Read Conyers' resignation letter read before Congress by Rep. Sheila Jackson Lee:
Today I notified Speaker Ryan, Leader Pelosi and Governor Snyder of my retirement from the United States House of Representatives.
It has been a privilege and an honor to serve the citizens of Detroit, Michigan as their United States Congressman in the 13th and 14th Congressional District for 53 years. I came to Congress in 1964.
Since then, I have devoted my entire career to improving the lives of my constituents in Detroit and on the behalf of justice everywhere. These years witnessed a profound evolution in Civil Rights, led by millions in the streets who marched for justice and people of conscience in the Congress- both Democrats and Republicans – who heard them and enacted the civil rights Act, the Voting Rights Act and other landmark reforms.

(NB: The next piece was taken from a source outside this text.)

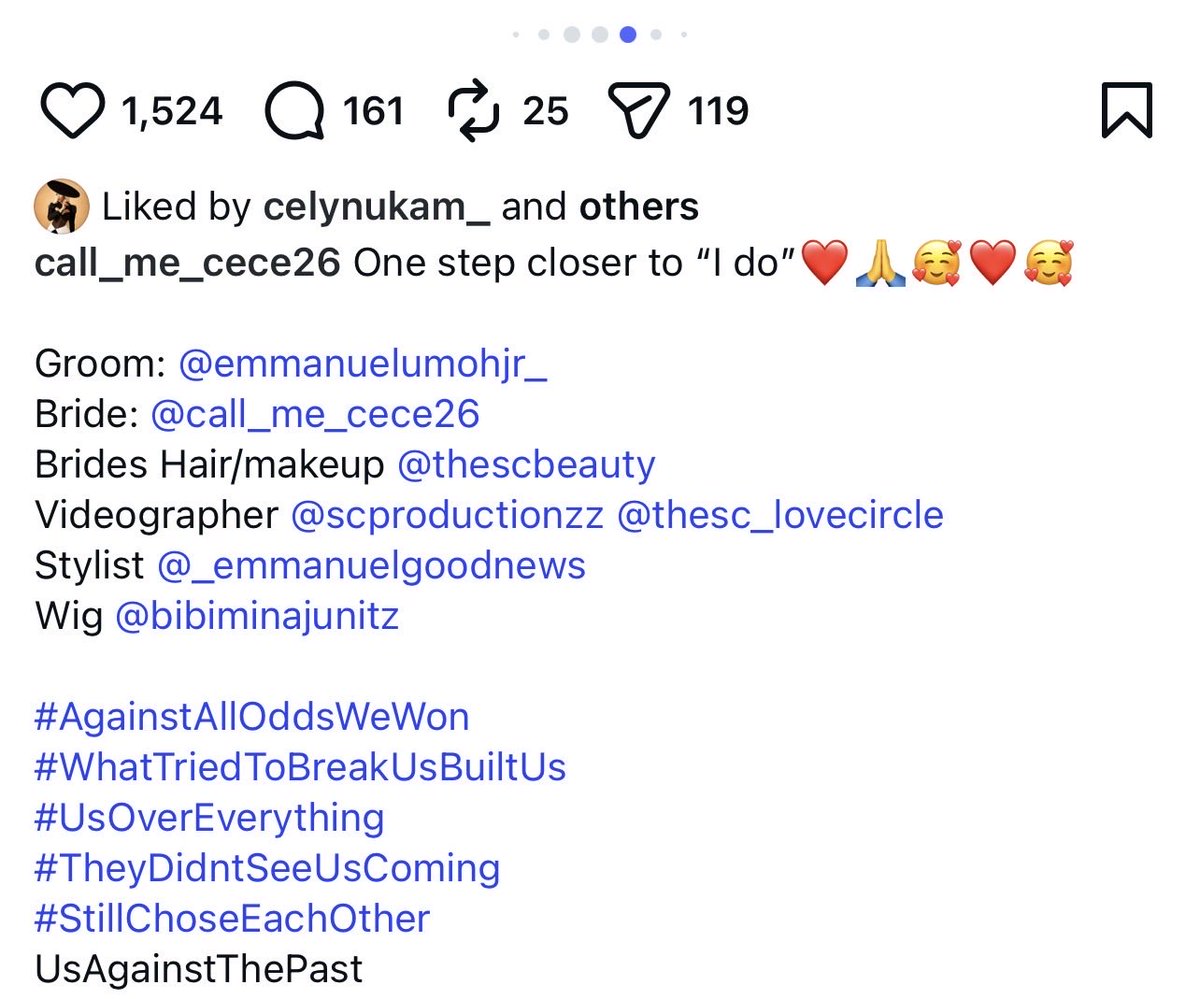 PreciousJudge5's tweet photo. This Emmanuel’s wife hashtags are killing me. Who try to break them? Who didn’t see them coming? What’s their past? What is going on?🤣😭 https://t.co/A9HTXWzWjz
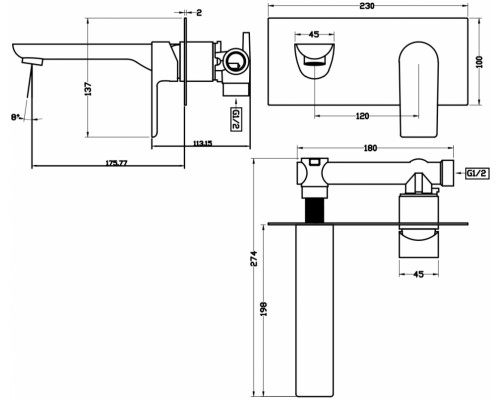 Смеситель встраиваемый для раковины Grocenberg GB599 Золото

I have been in the forefront of the Civil rights movement, I have been a champion of justice for the oppressed and the disenfranchised. I have never wavered in my commitment to justice and democracy. I am proud to have been part of that rich history. II have been privileged to be a founder of the Congressional Black Caucus and to represent the United States Congress by being” Dean”. I pass into law the Martin Luther King, Jr. Holiday Act, the Violence Against Women Act, the Hate Crimes Act, the USA Freedom Act, and the extension of the Voting Rights Act.
I have led the fight against mandatory minimum sentences, hoping to reverse the devastating incarceration rates for African Americans and poor people; I have tried to pass a universal healthcare law (H.R. 676). Every Congress since 1989 I have introduced H.R. 40 to study reparations for slavery, and I deeply appreciate those handful of courageous colleagues who have joined me. For Detroiters, I am proud of what we have been able to accomplish to bring hundreds of millions of dollars in critical grants and federal funding for Southeast Michigan to revitalize our great city, attract rich talent, and return to us prosperity.
I vehemently deny any and all allegations of harassment or dishonor, but I recognize that in this present environment, due process will not be afforded to me. I was taught by a great woman, my mother, to honor women. The first employee I ever hired was Mrs. Rosa Parks, who worked in my office for 22 years, and it has been my great honor to work alongside some of the most talented and honorable staff on Capitol Hill and in Detroit, both women and men.
Given the totality of the circumstance of not being afforded the right of due process in conjunction with my current health condition and to preserve my legacy and good name I am retiring. I hope that my retirement will be view in the larger perspective of my record of service, and as I enter a new chapter, I pledge to continue my commitment to a progressive vision and a better future for this country that I love. I owe that to the legacy of my father, John Conyers, Sr., who integrated labor unions in this country; to my brother Nathan, who integrated business and is my “main man” and to my loving wife Monica; and my sons John III, whom I believe offers hope to this generation of leadership, and who is committed to being an advocate of fairness and justice for all and Carl Edward who never leaves my side.
I cannot allow the great work of this body to be distracted by from the important work or the goals of the Democratic Party to be distracted. It has been and honor and a privilege of my life to represent the people of Michigan in the House of Representatives, but that responsibility will now fall to my colleagues and my successor. They have my deepest support and prayers. ” Jobs, Justice, Peace!!!”